At a discovery conference held a few months prior to trial at the direction of the motion judge, defendant disclosed that he expected Buss, Myrah and Hoffman to testify as expert witnesses. Depositions were scheduled for the three witnesses; the depositions of Buss and Myrah were taken, but Hoffman could not be located. Thereafter, shortly before trial, to replace Hoffman as a witness, defendant engaged Fales, an automotive engineer, but did not inform plaintiff. We first observe that the discovery order which was prepared by plaintiff specifically provided that there was no continuing duty on the parties to provide names of additional witnesses to the opponent after the discovery conference. More importantly, when Fales was called as a witness, the trial judge permitted the plaintiff to interview the witness. Subsequently, the court, in the presence of both counsel, conducted a preliminary examination of Fales. The court, after recessing the trial, again permitted plaintiff to conduct a lengthy interview of Fales. We do not believe that the judge abused his discretion in permitting Fales to testify. See Ferraro v. Augustine, 45 Ill. App.2d 295, 196 N.E.2d 16.
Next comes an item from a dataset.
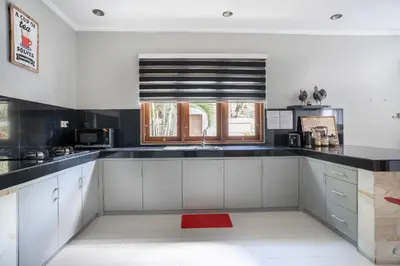 a kitchen with white cabinets and a window at Melati Villa by iBali Management in Legian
We find no merit in plaintiff's next contention that, in testifying, Fales went beyond his field of expertise and testified improperly concerning metallurgy. On direct examination, Fales confined himself to giving opinions based on principles of automotive engineering. It was only on cross-examination that plaintiff examined him about the metallurgic aspects of the broken A-frame.
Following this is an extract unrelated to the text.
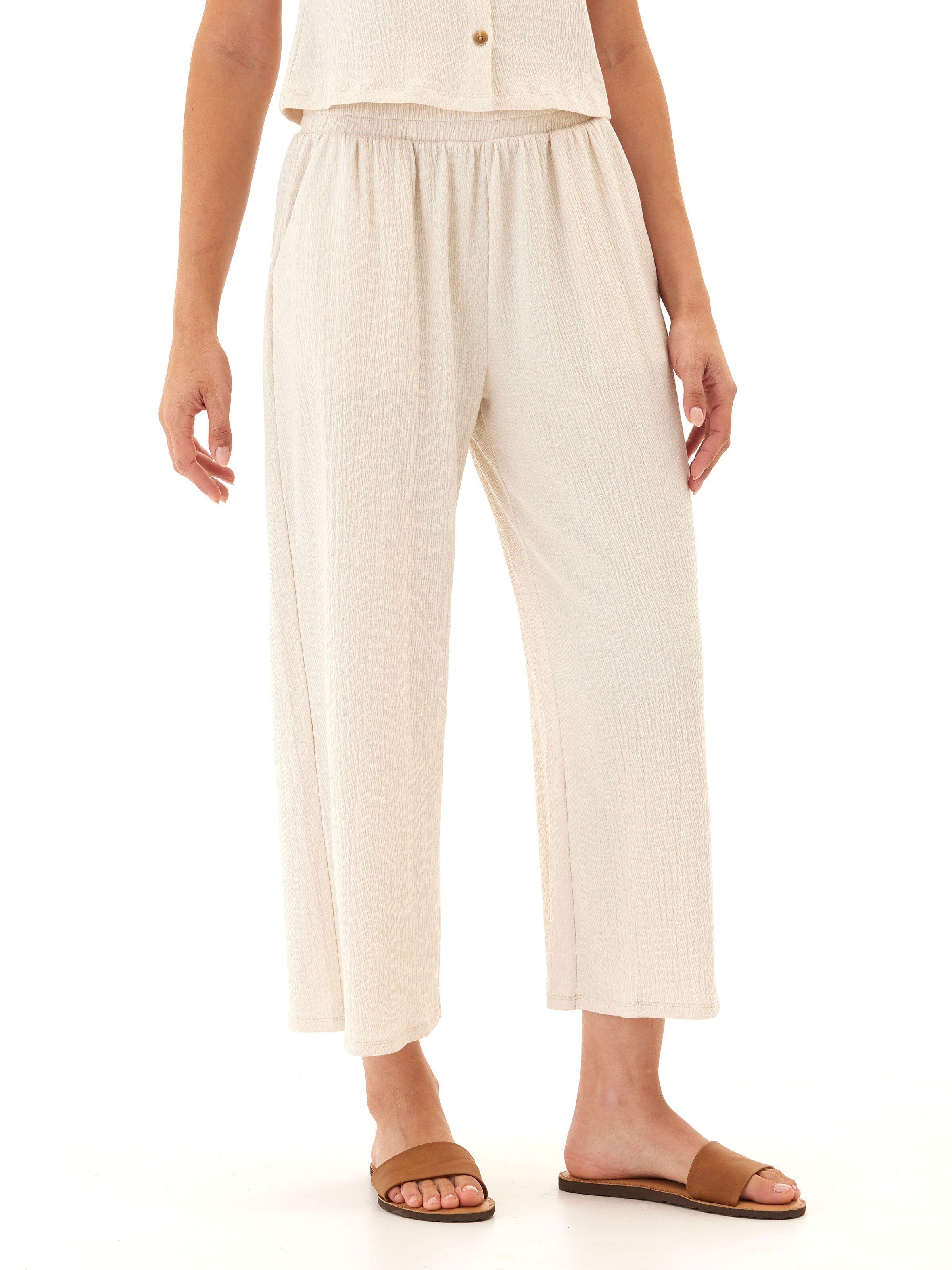 Woman wearing comfortable wide-leg jersey capri pants with smocked elastic waistband and side pockets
• 9 Defendant further maintains that the trial court erred in permitting Fales to invade the province of the jury in the manner he was interrogated by defense counsel. She argues that, in answering the hypothetical question as to the cause of the accident, Fales was asked whether the broken A-frame "did cause" the accident, rather than whether it "could cause" the accident. In Clifford-Jacobs Forging Co. v. Industrial Commission, 19 Ill.2d 236, 166 N.E.2d 582, the court said at p. 243:
"So long as the witness is not called upon to decide any controverted fact, but is asked to assume the truth of the facts testified to, he may give his opinion thereon in any form * * *. Pronouncements of this court to the contrary are hereby overruled * * *. The form of the question or the form of the answer, when in terms of `what did' or `what might' have caused the injury and death is immaterial."
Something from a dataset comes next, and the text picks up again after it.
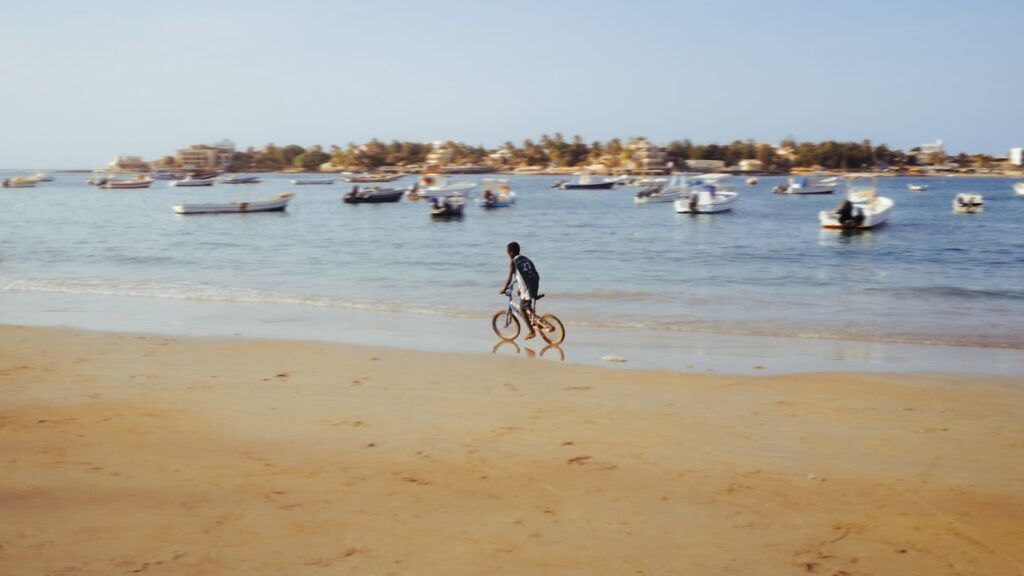 a man riding a bike on top of a sandy beach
• 10, 11 Plaintiff's final contention is that defendant counsel made an improper remark to the jury during closing argument in that he commented that Mr. Packard, plaintiff's expert witness, was not present at trial to rebut defendant's expert witnesses. She maintains that the remark was improper because the record did not disclose that she had employed Packard. However, one of plaintiff's witnesses had mentioned that he was hired by Packard Engineering to conduct certain tests, and the reference to Packard's absence to the jury was not improper. (See Santiemmo v. Days Transfer, 9 Ill. App.2d 487, 133 N.E.2d 539.) Moreover, even if the comment had no basis in the record, we would not consider it of sufficient magnitude to require reversal.
For the foregoing reasons, the judgment of the circuit court is affirmed.
McGLOON, P.J., and DEMPSEY, J., concur.